As I’ve often said in planning meetings, “The way customers act, you’d think each one was a different person!”

4. Customer-Level Media

Several campaign management vendors are tackling the challenge of analysis and customer engagement across owned, earned, and paid media. Ask your vendors about their plans for improving customer journey mapping.

Traditional linear customer journey maps are obsolete. You need technology to help you dynamically associate content and campaigns across the myriad individual experiences.

At the same time, media buying is increasingly at the customer level, via hashtag identification and CRM-based targeting.

Bring your own data to Facebook and Twitter, and find your key audiences across the Web in a context that makes sense for your product and brand.

The rest of this year will continue to see integrations through the various data services platforms (DSPs) and ad retargeting programs.

5. Brand Promise Ubiquity

Every interaction with a brand must live up to the brand promise – not just in terms of how and what we do, but the why we do it.

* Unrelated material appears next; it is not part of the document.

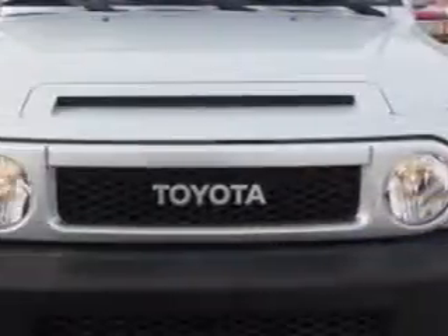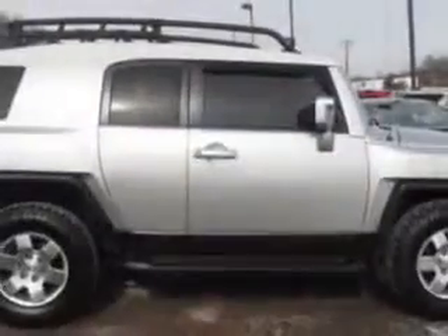Check out this titanium metallic 2007 Toyota FJ Cruiser SUV 4x4, equipped with a six-cylinder engine and an automatic transmission.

Marketing data can’t stay in the marketing department. It’s got to be utilized throughout the organization.

Marketers are more curators of experience than controllers or broadcasters of message, and our brand promise must be the banner under which every employee, agency, and partner interacts with people.

A recent study by research consulting firm Software Advice found that using big data to match sales and service reps to the individual needs and personalities of customers will significantly increase satisfaction, call efficiency, and sales revenue.

That is just one example of how marketing must collaborate with other departments to optimize customer experience across every touch point.

How are you using integrated data to turn your segmentation strategy into a personalization strategy?